There is a simple solution to prevent ship strikes in this region: relocating the shipping route just 15 nautical miles further south would reduce the risk of a collision between a ship and a blue whale by up to 95%. This is why the World Shipping Council (WSC), major shipping companies and associations, but also the International Whaling Commission (IWC) are calling on the government of Sri Lanka to propose relocating the shipping lane by the IMO to protect these endangered whales and increase the safety of shipping. So far, however, the calls to the Sri Lankan government have gone unheeded.
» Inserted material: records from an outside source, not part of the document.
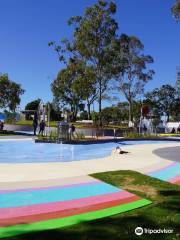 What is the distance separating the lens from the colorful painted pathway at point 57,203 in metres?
6.75

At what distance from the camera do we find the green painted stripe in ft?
20.5

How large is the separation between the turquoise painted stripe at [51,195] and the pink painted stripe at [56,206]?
0.80 ft

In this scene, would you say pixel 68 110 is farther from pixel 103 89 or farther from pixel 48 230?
pixel 48 230

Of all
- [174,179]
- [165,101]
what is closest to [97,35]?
[174,179]

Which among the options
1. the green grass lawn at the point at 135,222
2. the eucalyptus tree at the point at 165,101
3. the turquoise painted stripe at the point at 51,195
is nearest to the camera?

About a quarter of the shipping traffic already takes the southern alternative route.
Together with the International Fund for Animal Welfare (IFAW) and the Great Whale Conservancy, OceanCare is actively campaigning for an official relocation of this shipping route.
In June 2022, the German Ship Owners’ Association (VDR) recommended to their 150 members – representing a significant size of the global cargo fleet – to relocate their shipping route to reduce the risk of collisions with whales.
In September 2022, the world’s largest shipping company, the Mediterranean Shipping Company (MSC), announced their decision to actively relocate its shipping routes in accordance with the scientific recommendations.
OceanCare hopes that other shipping companies and shipping associations will follow suit and put re-routing into practice as well and that the Sri Lankan government will take action to impose change via the IMO.